Summarizing the SVE intrinsics that have been used here:

Summary of SVE intrinsics used

Code element

What is it?

Why are they used?

svfloat32_t

An array of 32-bit floats, where the exact number is defined at runtime based on the SVE vector length.

svfloat32_t enables you to use SVE vectors and predicates directly, without relying on the compiler for autovectorization.

svwhilelt_b32_u32(...)

A function which computes a predicate from two uint32_t integers.

When loading from A and storing to C, svwhilelt_b32_u32(...) ensures you do not read or write past the end of each column.

svld1_f32(...)

A function which loads 32-bit svfloat32_t floats into an SVE vector.

To get the matrix values needed from A. This also takes a predicate to make sure we do not load off the end of the matrix (unpredicated elements are set to zero).

svptrue_b32(...)

A function which sets a predicate for 32-bit values to all-true.

When loading from B, svptrue_b32(...) ensures the vector fills completely because the precondition of calling this function is that the matrix has a dimension which is a multiple of four.

svld1rq_f32(...)

A function which loads an SVE vector with copies of the same 128-bits (four 32-bit values).

To get the matrix values needed from B. Only loads four replicated values because the svmla_lane_f32 instruction only indexes in 128-bit segments.

svmla_lane_f32(...)

A function which uses the fused multiply accumulate instruction. The function multiplies each 128-bit segment of an svfloat32_t value by the corresponding single element of each 128-bit segment of another svfloat32_t. The svmla_lane_f32(...) function then adds the result to a third svfloat32_t before returning the result.

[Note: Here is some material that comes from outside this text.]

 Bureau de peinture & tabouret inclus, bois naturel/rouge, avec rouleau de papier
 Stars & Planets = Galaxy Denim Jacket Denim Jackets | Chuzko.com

This operation naturally fits the row-on-column dot products because they are a set of multiplications and additions.

svst1_f32(...)

A function which stores svfloat32_t at a given address.

To store the results after they are calculated. The predicate ensures we do not store results past the end of each column.

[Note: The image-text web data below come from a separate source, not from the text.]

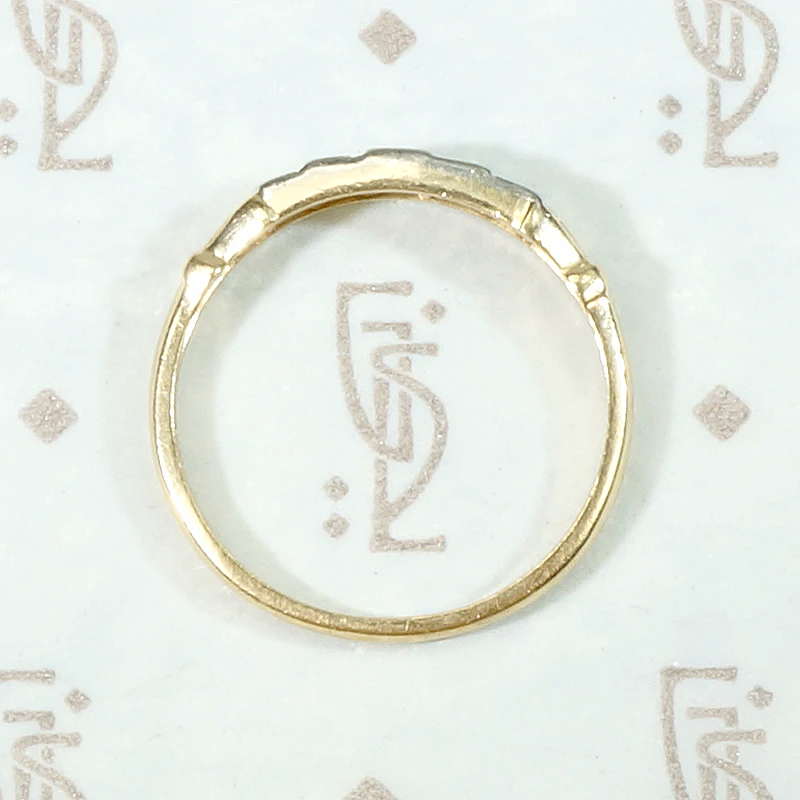 Sweet Two Tone Diamond Band with Engraved Flowers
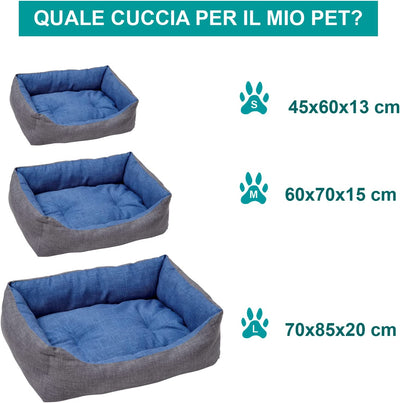 Cuccia per Cane in Tessuto Grigio E Blu Taglia M 60X70 Cm, Morbido Divano Rettangolare, Comodo, per Camera Da Letto Salotto Corridoio, Lavabile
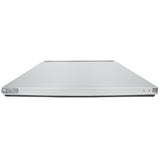 A flat, rectangular, metallic object with a smooth surface viewed from the front at a low angle. This silver panel resembles an Empura Refrigeration part, featuring small controls or connectors on its front corners and a thin profile.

The important difference here is the ability to ignore one of the dimensions of the matrix because of the variable-length vectors in SVE. Instead, you can explicitly pass the length of the n dimension, and use predication to ensure it is not exceeded.

Example 2: Large matrix multiplication with intrinsics

To multiply larger matrices, treat them as blocks of 4x4 matrices. However, this approach only works with matrix sizes which are a multiple of four in both dimensions. To use this method without changing it, pad the matrix with zeroes.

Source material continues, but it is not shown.